* **AIM OF THE TASK**:
Repeat exactly, please, the opening lines of the data below, through and including the line where "Prachtige Blush, Goud" sits.

* **EXERCISE INPUTS**:
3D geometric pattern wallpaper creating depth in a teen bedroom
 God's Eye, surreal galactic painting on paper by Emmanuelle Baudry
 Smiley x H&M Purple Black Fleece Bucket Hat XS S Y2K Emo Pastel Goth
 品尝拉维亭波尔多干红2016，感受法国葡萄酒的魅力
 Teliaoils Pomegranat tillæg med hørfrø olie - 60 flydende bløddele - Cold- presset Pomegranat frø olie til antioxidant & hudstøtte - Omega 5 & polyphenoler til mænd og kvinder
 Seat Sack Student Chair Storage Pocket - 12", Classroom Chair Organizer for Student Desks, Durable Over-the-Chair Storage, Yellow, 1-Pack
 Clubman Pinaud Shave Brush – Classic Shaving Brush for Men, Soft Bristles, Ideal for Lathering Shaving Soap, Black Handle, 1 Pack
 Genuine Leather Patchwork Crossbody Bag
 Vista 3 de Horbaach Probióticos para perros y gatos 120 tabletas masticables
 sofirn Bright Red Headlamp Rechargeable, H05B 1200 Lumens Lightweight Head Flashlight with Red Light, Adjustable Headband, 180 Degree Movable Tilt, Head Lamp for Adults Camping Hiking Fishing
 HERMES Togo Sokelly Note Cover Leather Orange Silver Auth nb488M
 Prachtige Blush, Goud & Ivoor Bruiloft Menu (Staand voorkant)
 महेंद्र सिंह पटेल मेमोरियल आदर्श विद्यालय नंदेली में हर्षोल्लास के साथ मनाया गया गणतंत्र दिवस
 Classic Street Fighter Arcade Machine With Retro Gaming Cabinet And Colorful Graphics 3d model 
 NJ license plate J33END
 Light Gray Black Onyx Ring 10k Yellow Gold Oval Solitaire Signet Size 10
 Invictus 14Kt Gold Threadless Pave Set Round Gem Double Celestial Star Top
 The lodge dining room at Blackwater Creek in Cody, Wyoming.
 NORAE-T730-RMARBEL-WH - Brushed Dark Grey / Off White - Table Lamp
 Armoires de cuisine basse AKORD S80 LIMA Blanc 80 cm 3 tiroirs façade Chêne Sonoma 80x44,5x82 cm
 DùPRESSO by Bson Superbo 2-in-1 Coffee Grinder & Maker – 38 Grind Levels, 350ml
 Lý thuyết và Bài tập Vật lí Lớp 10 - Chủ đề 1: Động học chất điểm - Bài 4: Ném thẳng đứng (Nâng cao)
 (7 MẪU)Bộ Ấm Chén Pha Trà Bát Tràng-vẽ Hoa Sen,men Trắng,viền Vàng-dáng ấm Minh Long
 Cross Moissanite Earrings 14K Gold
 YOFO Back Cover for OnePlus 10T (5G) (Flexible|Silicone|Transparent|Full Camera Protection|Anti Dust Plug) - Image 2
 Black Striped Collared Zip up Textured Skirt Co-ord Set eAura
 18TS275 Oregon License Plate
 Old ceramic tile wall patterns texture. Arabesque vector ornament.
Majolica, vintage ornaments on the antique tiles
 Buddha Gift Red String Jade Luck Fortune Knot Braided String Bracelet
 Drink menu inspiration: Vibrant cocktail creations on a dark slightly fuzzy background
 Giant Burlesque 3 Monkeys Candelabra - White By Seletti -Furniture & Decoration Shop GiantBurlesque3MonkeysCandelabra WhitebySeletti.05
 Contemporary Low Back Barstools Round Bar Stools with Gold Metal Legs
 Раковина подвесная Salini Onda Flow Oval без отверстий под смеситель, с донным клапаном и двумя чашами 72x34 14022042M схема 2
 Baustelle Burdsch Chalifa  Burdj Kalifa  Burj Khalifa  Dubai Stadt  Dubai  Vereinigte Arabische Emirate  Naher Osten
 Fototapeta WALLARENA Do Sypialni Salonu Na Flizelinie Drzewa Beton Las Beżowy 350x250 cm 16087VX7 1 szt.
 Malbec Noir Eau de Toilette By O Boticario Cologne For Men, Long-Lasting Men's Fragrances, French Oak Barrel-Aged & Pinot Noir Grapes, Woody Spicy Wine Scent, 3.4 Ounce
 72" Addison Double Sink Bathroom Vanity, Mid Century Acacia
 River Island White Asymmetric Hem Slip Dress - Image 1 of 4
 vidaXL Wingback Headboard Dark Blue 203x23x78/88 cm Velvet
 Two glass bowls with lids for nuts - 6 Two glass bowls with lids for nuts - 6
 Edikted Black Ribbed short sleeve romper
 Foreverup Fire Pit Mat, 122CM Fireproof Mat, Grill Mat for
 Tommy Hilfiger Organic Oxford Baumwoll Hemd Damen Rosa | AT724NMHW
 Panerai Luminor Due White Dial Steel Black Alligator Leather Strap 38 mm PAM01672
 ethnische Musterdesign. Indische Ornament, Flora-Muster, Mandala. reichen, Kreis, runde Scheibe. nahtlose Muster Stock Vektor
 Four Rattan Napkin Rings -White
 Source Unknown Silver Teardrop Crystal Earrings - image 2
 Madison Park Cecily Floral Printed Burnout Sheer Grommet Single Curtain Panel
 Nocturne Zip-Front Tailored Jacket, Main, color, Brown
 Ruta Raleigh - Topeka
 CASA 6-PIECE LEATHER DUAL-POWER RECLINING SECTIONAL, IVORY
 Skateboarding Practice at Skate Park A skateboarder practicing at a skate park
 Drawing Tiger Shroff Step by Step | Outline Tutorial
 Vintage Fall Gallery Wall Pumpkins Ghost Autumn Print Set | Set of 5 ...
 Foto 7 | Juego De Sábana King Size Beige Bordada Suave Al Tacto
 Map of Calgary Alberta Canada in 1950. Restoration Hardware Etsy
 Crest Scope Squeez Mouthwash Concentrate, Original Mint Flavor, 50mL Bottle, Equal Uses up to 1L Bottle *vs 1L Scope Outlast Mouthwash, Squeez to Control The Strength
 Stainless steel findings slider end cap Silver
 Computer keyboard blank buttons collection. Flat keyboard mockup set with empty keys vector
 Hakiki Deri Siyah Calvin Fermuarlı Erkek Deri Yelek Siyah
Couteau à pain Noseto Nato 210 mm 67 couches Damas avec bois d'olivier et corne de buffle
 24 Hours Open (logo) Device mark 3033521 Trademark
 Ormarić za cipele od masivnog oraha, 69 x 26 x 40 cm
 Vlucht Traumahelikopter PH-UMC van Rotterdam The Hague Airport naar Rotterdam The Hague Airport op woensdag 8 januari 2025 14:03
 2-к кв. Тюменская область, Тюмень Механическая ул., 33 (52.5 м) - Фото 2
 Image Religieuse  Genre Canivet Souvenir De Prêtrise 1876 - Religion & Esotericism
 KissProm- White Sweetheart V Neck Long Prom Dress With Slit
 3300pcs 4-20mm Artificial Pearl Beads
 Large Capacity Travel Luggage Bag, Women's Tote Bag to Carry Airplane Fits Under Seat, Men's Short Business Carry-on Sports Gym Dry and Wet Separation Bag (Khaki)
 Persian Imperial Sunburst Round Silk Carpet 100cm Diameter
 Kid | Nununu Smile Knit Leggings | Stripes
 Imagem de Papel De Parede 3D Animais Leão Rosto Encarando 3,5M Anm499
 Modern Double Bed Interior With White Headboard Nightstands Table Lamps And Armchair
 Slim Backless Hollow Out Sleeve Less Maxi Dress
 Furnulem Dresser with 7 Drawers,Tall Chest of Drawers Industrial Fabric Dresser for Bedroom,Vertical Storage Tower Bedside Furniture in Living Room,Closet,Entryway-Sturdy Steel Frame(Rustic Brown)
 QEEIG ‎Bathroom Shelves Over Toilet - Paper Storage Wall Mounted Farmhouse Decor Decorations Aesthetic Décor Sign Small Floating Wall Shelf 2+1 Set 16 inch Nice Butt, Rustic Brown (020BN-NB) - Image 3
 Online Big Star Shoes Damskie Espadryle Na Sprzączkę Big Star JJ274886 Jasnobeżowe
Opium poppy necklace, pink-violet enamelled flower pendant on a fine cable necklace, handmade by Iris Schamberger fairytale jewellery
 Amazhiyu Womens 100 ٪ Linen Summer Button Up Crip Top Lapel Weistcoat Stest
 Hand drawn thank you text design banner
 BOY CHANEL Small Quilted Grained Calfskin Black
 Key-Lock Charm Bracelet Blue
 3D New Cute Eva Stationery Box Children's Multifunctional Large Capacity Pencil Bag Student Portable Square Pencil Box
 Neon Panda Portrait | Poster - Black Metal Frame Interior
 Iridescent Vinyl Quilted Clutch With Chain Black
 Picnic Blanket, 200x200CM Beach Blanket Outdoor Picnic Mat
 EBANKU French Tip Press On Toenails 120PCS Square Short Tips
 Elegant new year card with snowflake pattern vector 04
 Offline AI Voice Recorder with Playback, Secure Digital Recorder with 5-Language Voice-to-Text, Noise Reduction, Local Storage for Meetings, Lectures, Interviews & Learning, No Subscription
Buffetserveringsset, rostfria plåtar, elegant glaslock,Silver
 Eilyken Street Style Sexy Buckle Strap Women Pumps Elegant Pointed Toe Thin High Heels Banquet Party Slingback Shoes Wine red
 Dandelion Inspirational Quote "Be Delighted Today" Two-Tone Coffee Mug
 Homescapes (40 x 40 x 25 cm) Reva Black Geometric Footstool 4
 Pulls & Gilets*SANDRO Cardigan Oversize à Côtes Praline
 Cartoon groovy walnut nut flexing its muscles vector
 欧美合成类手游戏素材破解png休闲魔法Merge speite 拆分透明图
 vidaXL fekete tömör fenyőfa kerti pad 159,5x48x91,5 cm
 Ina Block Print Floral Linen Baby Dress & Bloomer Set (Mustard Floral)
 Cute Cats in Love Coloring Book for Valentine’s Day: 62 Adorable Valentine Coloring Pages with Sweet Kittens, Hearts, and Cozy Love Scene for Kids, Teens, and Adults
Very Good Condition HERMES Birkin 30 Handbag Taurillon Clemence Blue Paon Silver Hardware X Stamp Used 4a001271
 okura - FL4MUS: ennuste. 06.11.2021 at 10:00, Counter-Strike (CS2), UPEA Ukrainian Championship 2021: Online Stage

* **EXERCISE RESULT**:
3D geometric pattern wallpaper creating depth in a teen bedroom
 God's Eye, surreal galactic painting on paper by Emmanuelle Baudry
 Smiley x H&M Purple Black Fleece Bucket Hat XS S Y2K Emo Pastel Goth
 品尝拉维亭波尔多干红2016，感受法国葡萄酒的魅力
 Teliaoils Pomegranat tillæg med hørfrø olie - 60 flydende bløddele - Cold- presset Pomegranat frø olie til antioxidant & hudstøtte - Omega 5 & polyphenoler til mænd og kvinder
 Seat Sack Student Chair Storage Pocket - 12", Classroom Chair Organizer for Student Desks, Durable Over-the-Chair Storage, Yellow, 1-Pack
 Clubman Pinaud Shave Brush – Classic Shaving Brush for Men, Soft Bristles, Ideal for Lathering Shaving Soap, Black Handle, 1 Pack
 Genuine Leather Patchwork Crossbody Bag
 Vista 3 de Horbaach Probióticos para perros y gatos 120 tabletas masticables
 sofirn Bright Red Headlamp Rechargeable, H05B 1200 Lumens Lightweight Head Flashlight with Red Light, Adjustable Headband, 180 Degree Movable Tilt, Head Lamp for Adults Camping Hiking Fishing
 HERMES Togo Sokelly Note Cover Leather Orange Silver Auth nb488M
 Prachtige Blush, Goud & Ivoor Bruiloft Menu (Staand voorkant)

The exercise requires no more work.